Omitting all images, give the entries that follow again exactly as they read.
=-=-=
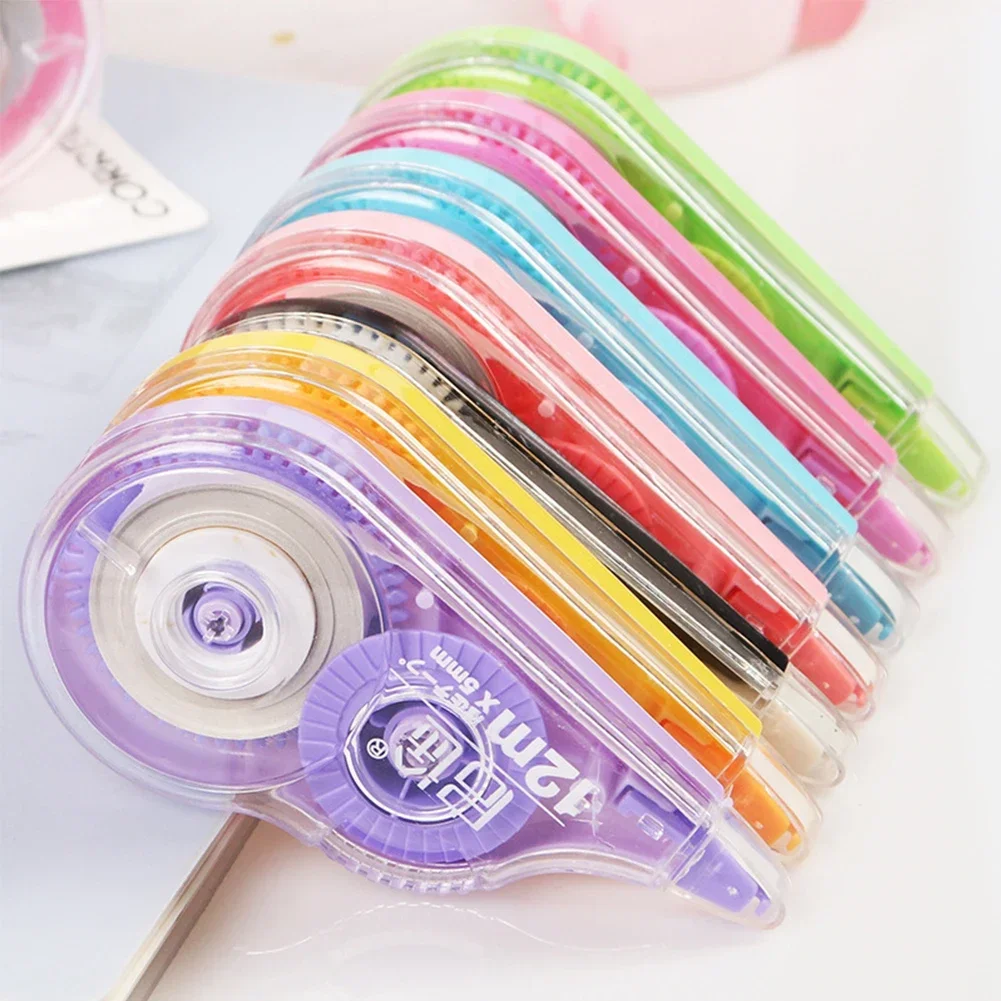 شريط تصحيح أبيض اللون من Tipex Whiteout أدوات دراسة للطلاب والأطفال 6 أشرطة مستلزمات أجهزة كمبيوتر محمولة للمدرسة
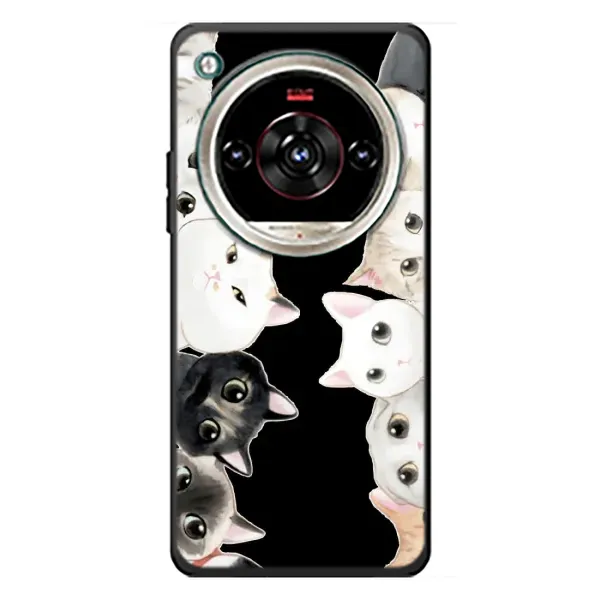 Чехол с принтом «Взгляд котов» для ZTE Nubia Focus 2 Ultra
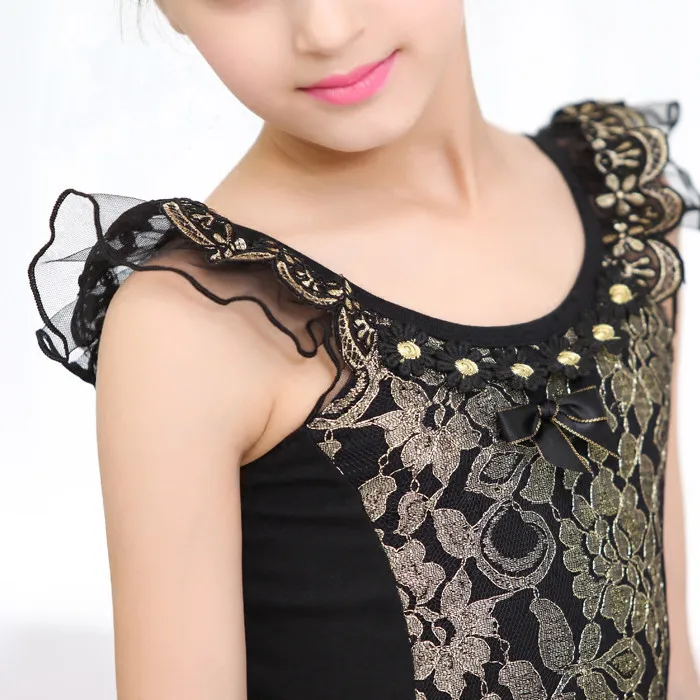New Arrival Kids Girls Black Classic Ballet Tutu Skirt Dress Customized Ballet Dancewear Dresses Dance Tutu Dress Leotard 12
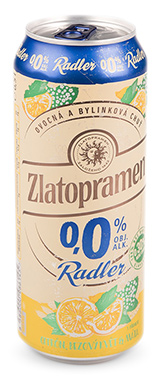 Zlatopramen Radler citron, bezový květ a máta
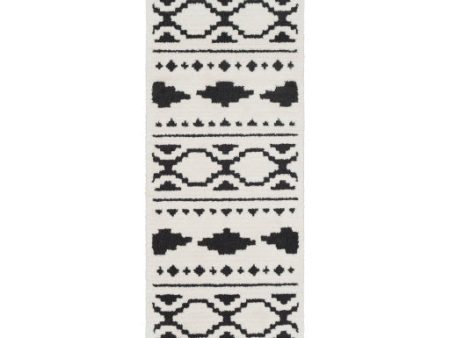 Moroccan Shag Black Rug in Various Sizes Hot on Sale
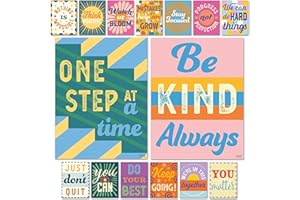 SWEETZER & ORANGE S&O Motivationsposter für Klassenzimmer – Studienzimmer-Poster – inspirierende Lehrzonen-Diagramme für die High School – Motivierende Drucke für das Schulzimmer – Selbstvertrauen stärkende Schilder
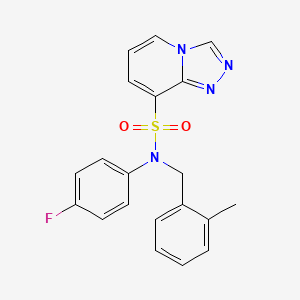 N-(4-fluorophenyl)-N-(2-methylbenzyl)[1,2,4]triazolo[4,3-a]pyridine-8-sulfonamide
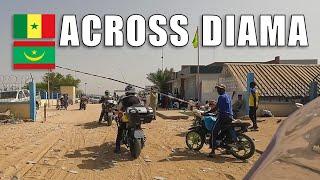 Diama Border Crossing: From Senegal to Mauritania via Gravel Roads to Keur-Macene [E32]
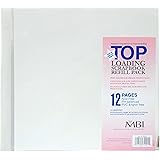 MCS MBI 12x12 Inch Scrapbook Expansion Page Refills, 6 Count (899676) 12 pages.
=-=-=
### Answer below
 شريط تصحيح أبيض اللون من Tipex Whiteout أدوات دراسة للطلاب والأطفال 6 أشرطة مستلزمات أجهزة كمبيوتر محمولة للمدرسة
 Чехол с принтом «Взгляд котов» для ZTE Nubia Focus 2 Ultra
New Arrival Kids Girls Black Classic Ballet Tutu Skirt Dress Customized Ballet Dancewear Dresses Dance Tutu Dress Leotard 12
 Zlatopramen Radler citron, bezový květ a máta
 Moroccan Shag Black Rug in Various Sizes Hot on Sale
 SWEETZER & ORANGE S&O Motivationsposter für Klassenzimmer – Studienzimmer-Poster – inspirierende Lehrzonen-Diagramme für die High School – Motivierende Drucke für das Schulzimmer – Selbstvertrauen stärkende Schilder
 N-(4-fluorophenyl)-N-(2-methylbenzyl)[1,2,4]triazolo[4,3-a]pyridine-8-sulfonamide
 Diama Border Crossing: From Senegal to Mauritania via Gravel Roads to Keur-Macene [E32]
 MCS MBI 12x12 Inch Scrapbook Expansion Page Refills, 6 Count (899676) 12 pages.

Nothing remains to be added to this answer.